Doch selbst wenn der Brennholzpreis mit den Energiekosten weiter ansteigt, gab Walter Hegelau seit der Verwaltungsreform Sachgebietsleiter Ost im Forstamt des Esslinger Landratsamts zu bedenken, dass die Wertschöpfung auf dem Brennholzmarkt nicht so groß ist. Die "oberen Buchenpreise" von einst könnten dadurch nicht ersetzt werden. Der Vorteil im Kirchheimer Stadtwald bestehe aber darin, dass eine gute Mischung vorhanden sei und somit die jeweilige Nachfrage jederzeit bedient werden könne wie eben derzeit beim Eichenholz.

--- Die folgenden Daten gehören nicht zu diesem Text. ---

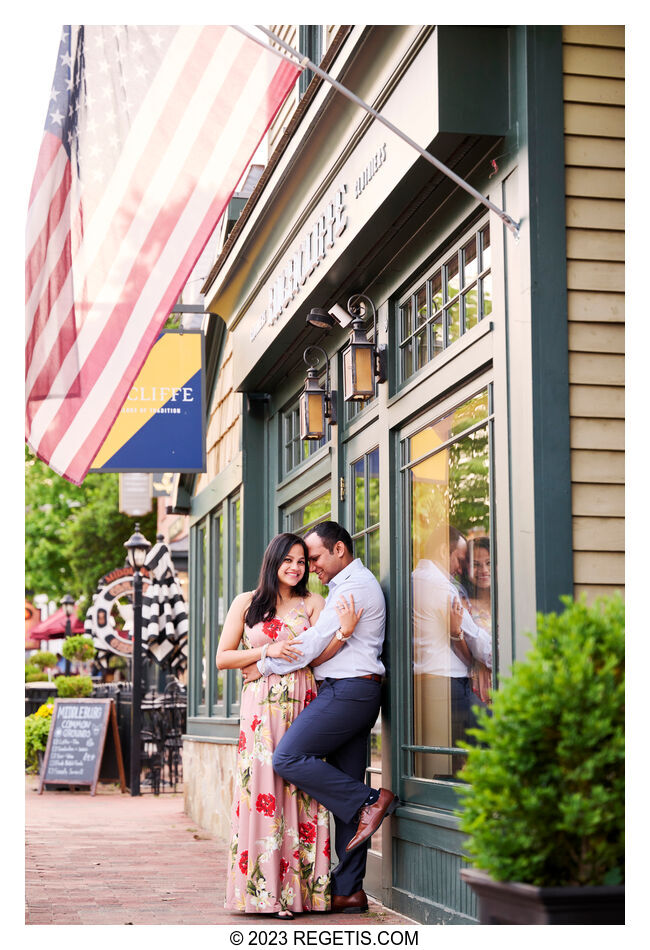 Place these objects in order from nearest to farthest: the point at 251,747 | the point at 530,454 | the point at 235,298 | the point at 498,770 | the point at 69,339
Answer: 1. the point at 498,770
2. the point at 530,454
3. the point at 251,747
4. the point at 69,339
5. the point at 235,298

Der Betriebsplan für 2006 sieht einen Einschlag von 5 000 Festmetern vor, die Hälfte davon im Talwald. Ein zweiter Schwerpunkt ist der Bergwald. Geringere Holzmengen fallen aber im gesamten Stadtwald an. Bei den Holzarten steht Laubholz im Vordergrund. Wegen der großen Nachfrage ist wieder sehr viel Eiche vorgesehen. Der Finanz- und Verwaltungsausschuss hat den Plan einstimmig abgesegnet.

Zum Waldzustand sagte Walter Hegelau, dass das Trockenjahr 2003 die Bäume sehr gestresst habe und dass seither zudem noch viele Schädlinge aufgetaucht seien. Am meisten leide die Buche unter den Folgen der heißen Sommer.